§ **Exercise brief**:
Required from the data below: the exact lines starting at the line containing "Cửa Hàng Star Ginseng Chap 37 - Next Chap 38" and ending at the line containing "Картридж для Smoant", with both ends kept and all pictures dropped.

Short text fragments from websites:
====

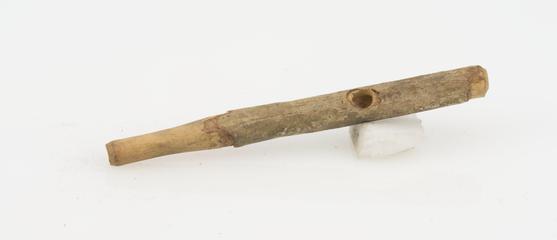Twig Tobacco Pipe Mouthpiece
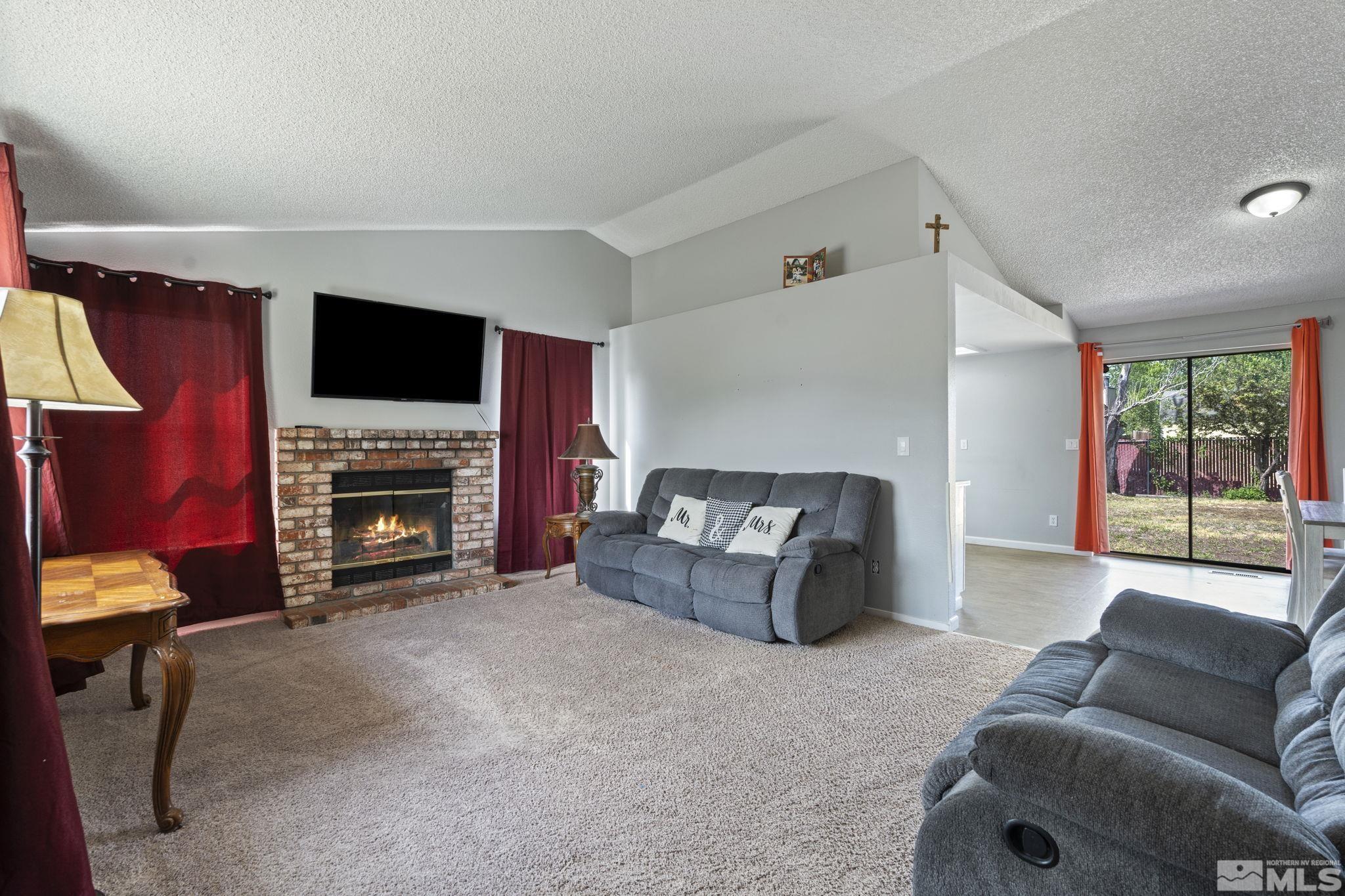 1356 Leonard Road Gardnerville, NV 89460 - Photo 6 of 31 Photo 7
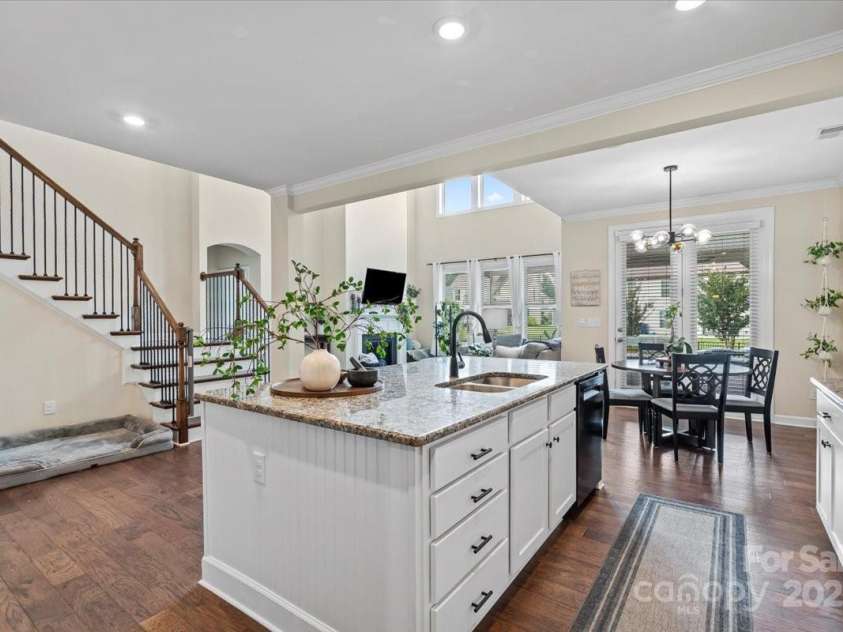 4756 Shire Court, Harrisburg, NC 28075.  MLS# CAR4281532, YatesRealty ID 34323. 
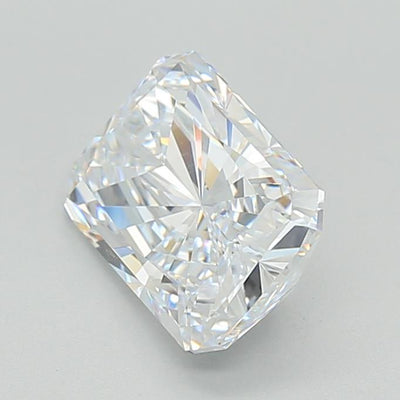 2.03 Carat Radiant Lab Diamond :: Greenstar spin frame 05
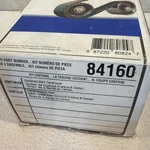 Engine Timing Belt Component Kit-vin: Dayco 84160 New. Price: $21.99.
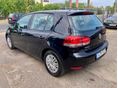 VOLKSWAGEN GOLF VI 2009/6 - 4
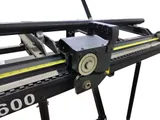 Ручные листогибы: Metal Master ALUBENDER 2200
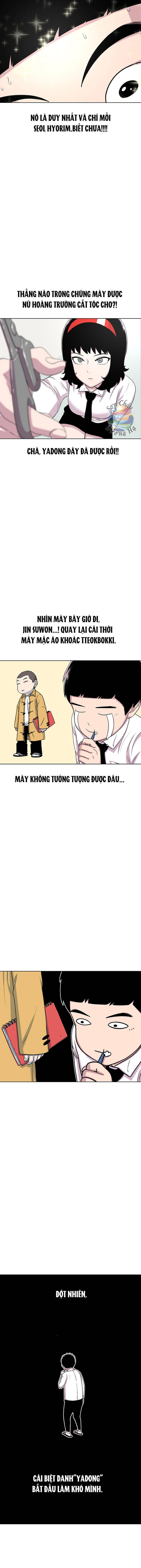 Cửa Hàng Star Ginseng Chap 37 - Next Chap 38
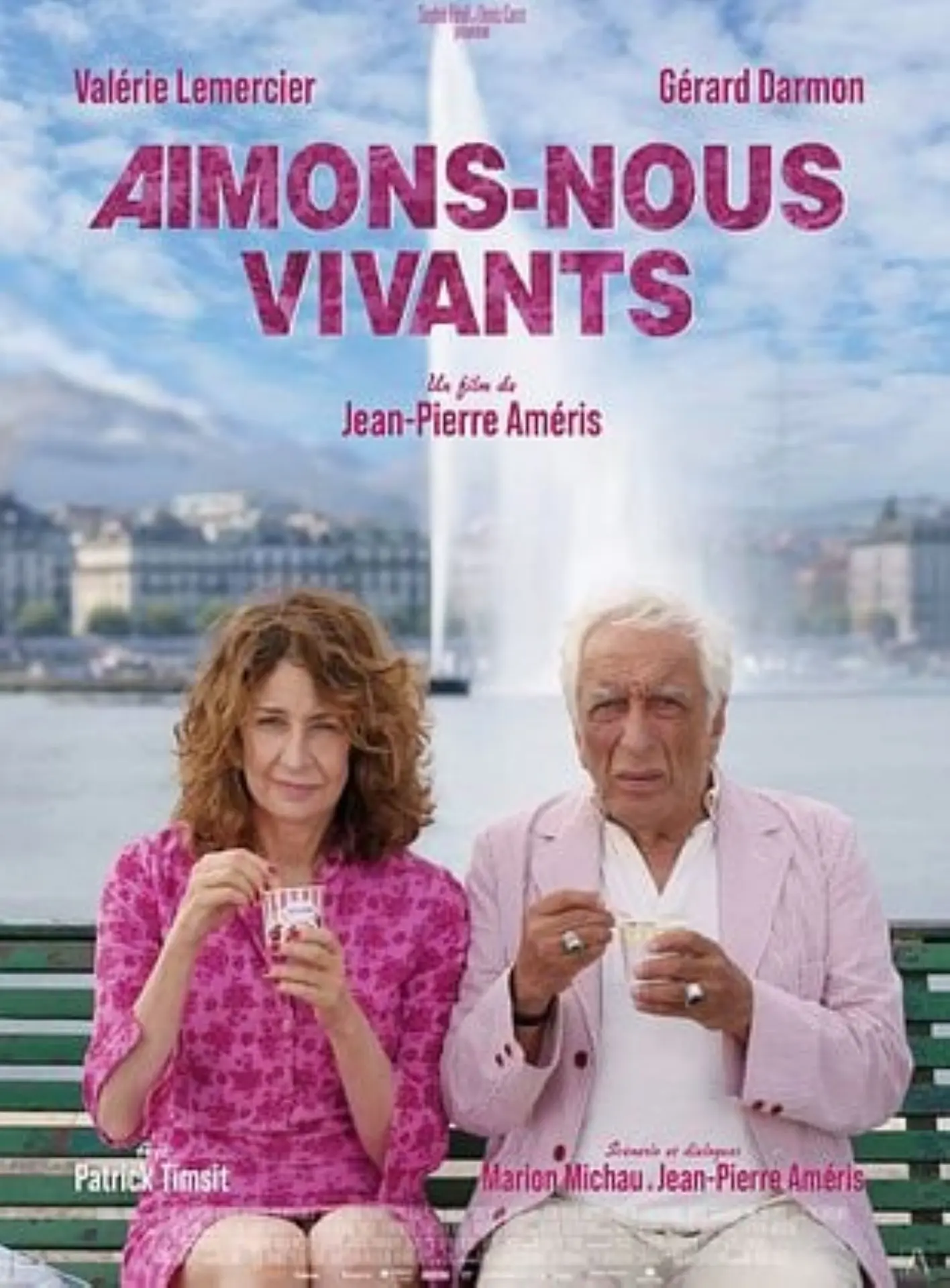 Cinéma :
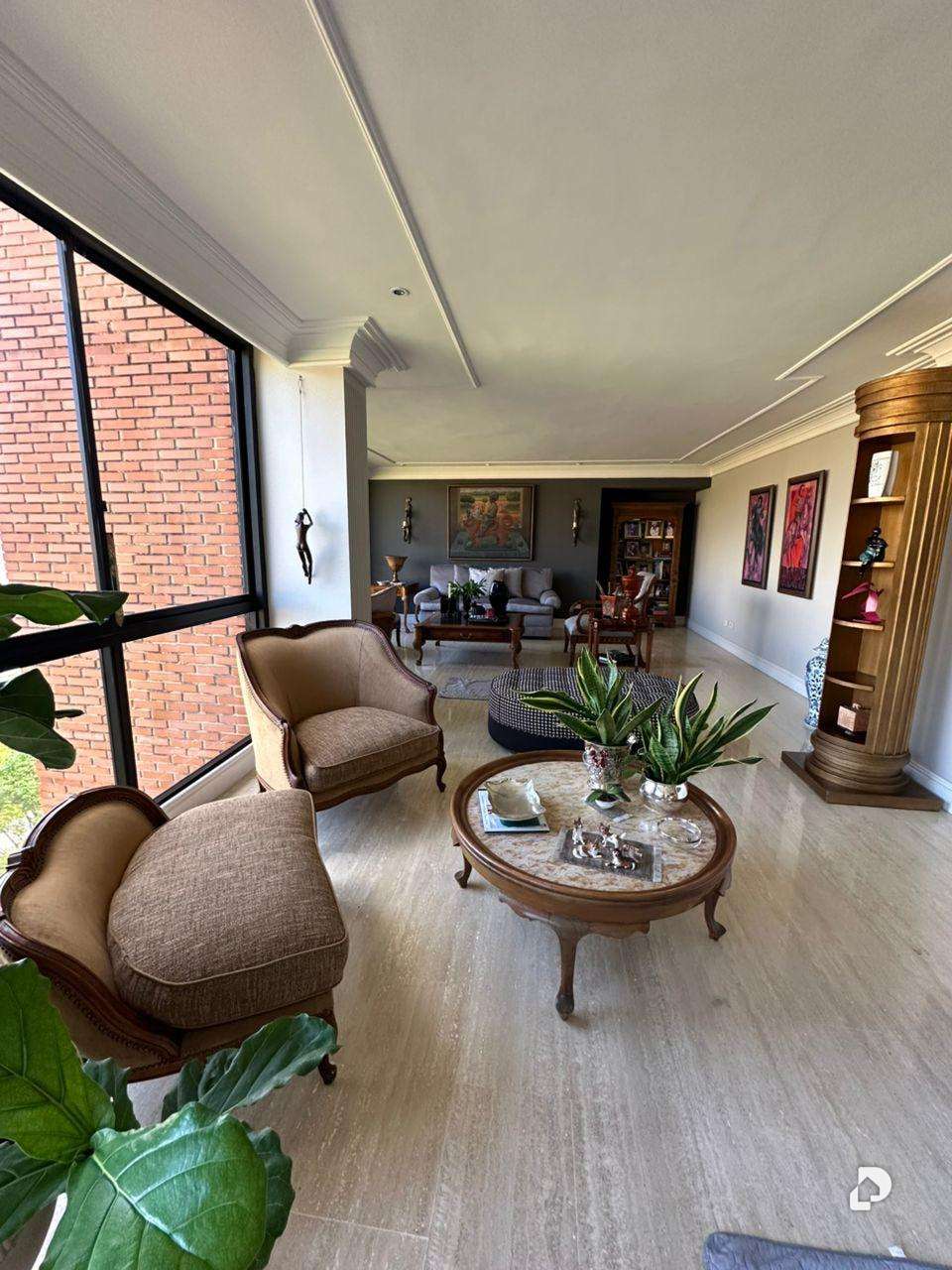 Apartamento en Colinas de Valle Arriba, Caracas – 14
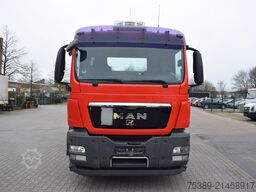 MAN TGS  26.400 6x2 Meiller Vorlaufachse Dachklima
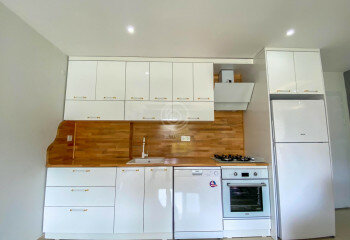 Квартира 1+1 в Алании, Турция | PTE-56617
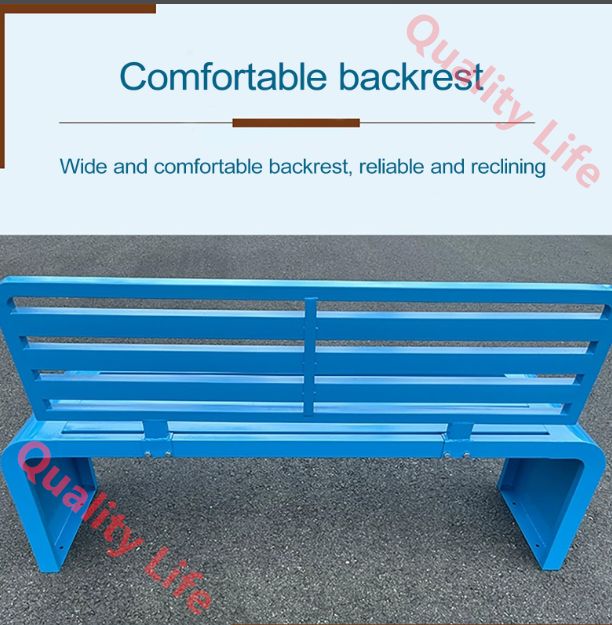 アウトドアベンチ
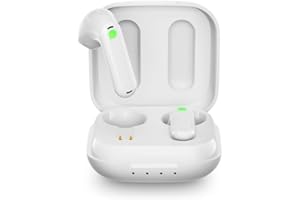 Timekettle WT2 Edge/W3 Sprachübersetzer - Bidirektionale Simultanübersetzung，Übersetzer mit 40 Sprachen 93 Dialekte & Offline - Übersetzung, Übersetzer-Kopfhörer mit APP, für iOS & Android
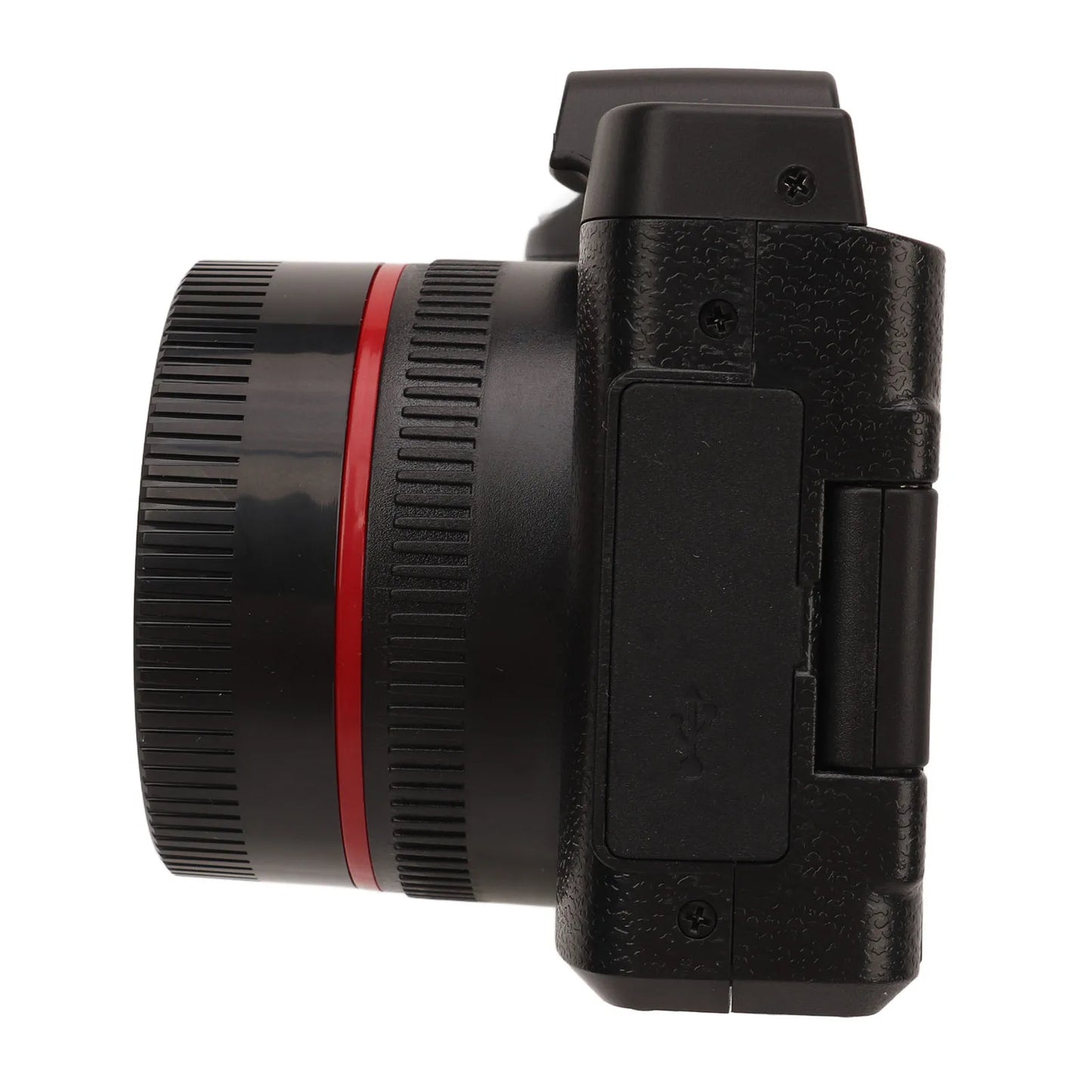 Smart Digital Camera 1080P 16MP HD SLR For Photography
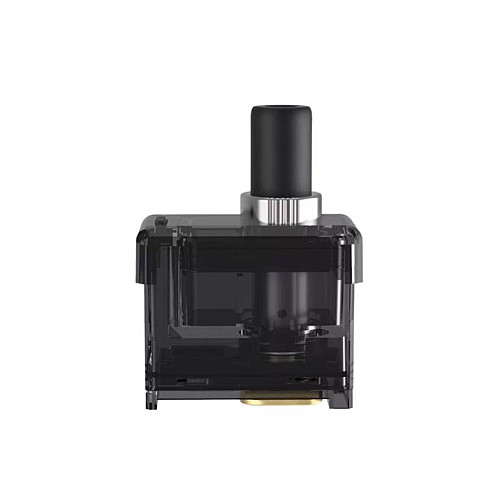 Картридж для Smoant Pasito 3ml Coil с двумя испарителями (11597-hbr)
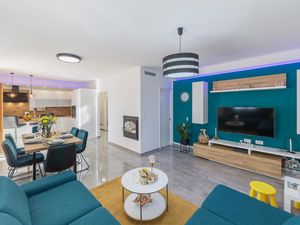 Ferienwohnung für 7 Personen (100 m²) in Kavran
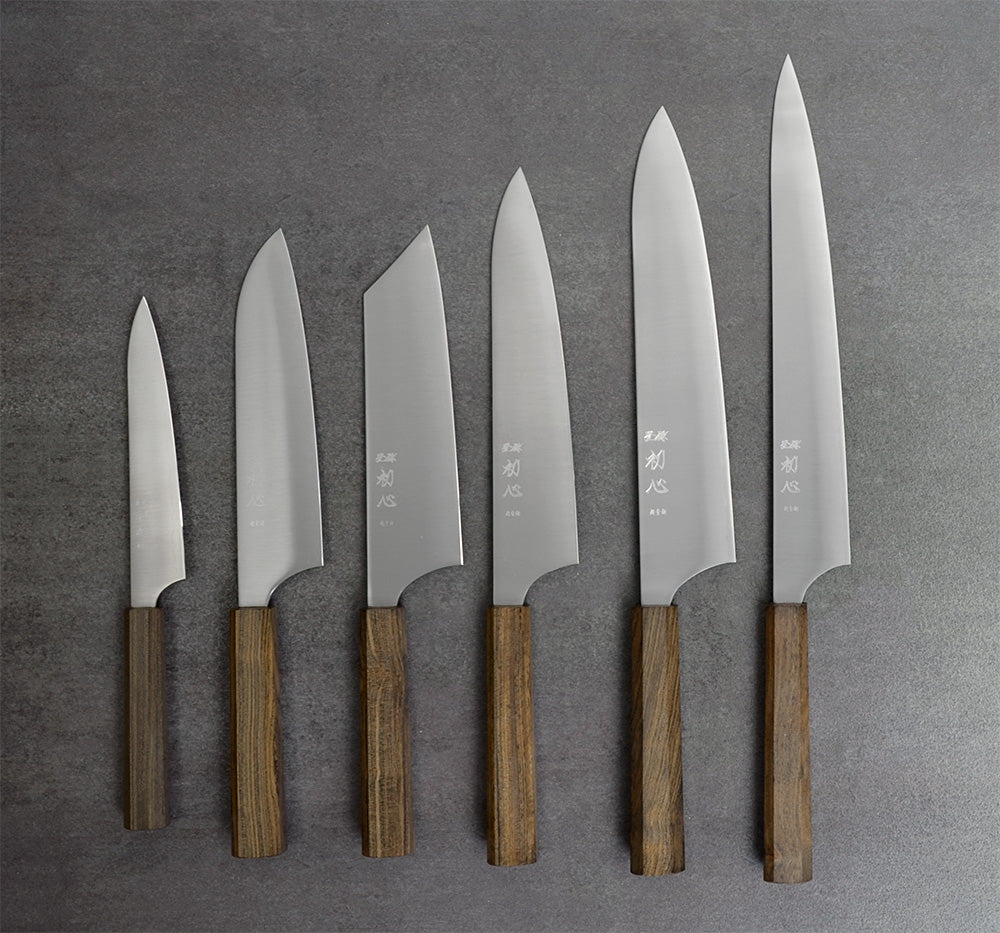 Kockkniv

====

§ **Task result**:
 Cửa Hàng Star Ginseng Chap 37 - Next Chap 38
 Cinéma :
 Apartamento en Colinas de Valle Arriba, Caracas – 14
 MAN TGS  26.400 6x2 Meiller Vorlaufachse Dachklima
 Квартира 1+1 в Алании, Турция | PTE-56617
 アウトドアベンチ
 Timekettle WT2 Edge/W3 Sprachübersetzer - Bidirektionale Simultanübersetzung，Übersetzer mit 40 Sprachen 93 Dialekte & Offline - Übersetzung, Übersetzer-Kopfhörer mit APP, für iOS & Android
 Smart Digital Camera 1080P 16MP HD SLR For Photography
 Картридж для Smoant Pasito 3ml Coil с двумя испарителями (11597-hbr)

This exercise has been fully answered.